= Ubomiri =

Town in Imo state, Nigeria

Ubomiri is a town in Mbaitoli of Imo State located near Owerri, capital city of Imo State, in southeastern Nigeria.

The New Imo State International Market, also known as Ahia Rochas, is located in Ubomiri.

==Geography==

Ubomiri is an ancient kingdom comprising nine villages: Egbeada, Amauburu, Umuabali, Obookpo, Umuocha, Ohuba, Ohum, Ahama and Umuojinaka.

Currently, Ubomiri comprises three Autonomous Communities:

- Amawuihe Autonomous Community, made up of Ahama Ohum Umuocha and Ohuba villages.
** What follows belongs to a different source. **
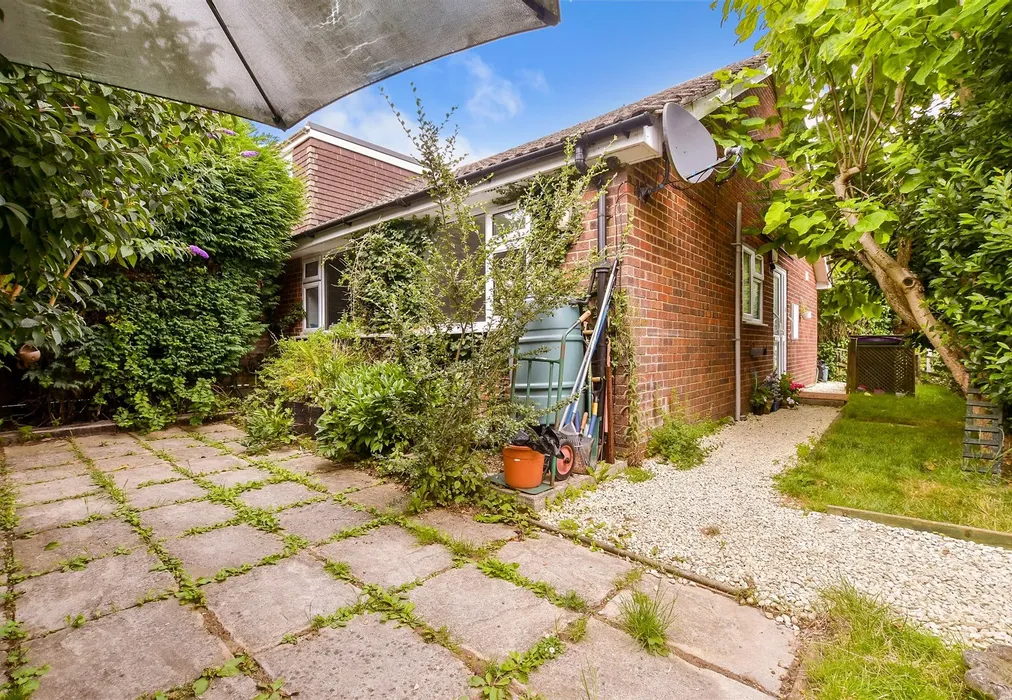 Patio / Decking - Fern Close, Hawkinge, Folkestone, Kent - Wards of Kent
The reigning King is Eze Clifford R. Amadi the Uhie 1 of Amawuihe.
- Ishi Ubomiri Autonomous Community, made up of Obokpo Umuabali Amauburu and Umuojinaka villages. The reigning King is Eze George Eke the Ishi 1 of Ishi Ubomiri.
- Egbeada Autonomous Community, made up of Egbeada village. The reigning king is Eze Edward The Ada 1 of Egbeada.

Ubomiri is surrounded by towns, including Akwakuma, Ifakala, Irete, Ohii, ogbaku, Amakohia and Mbieri and Nwaorieubi, the headquarters of Mbaitoli LGA.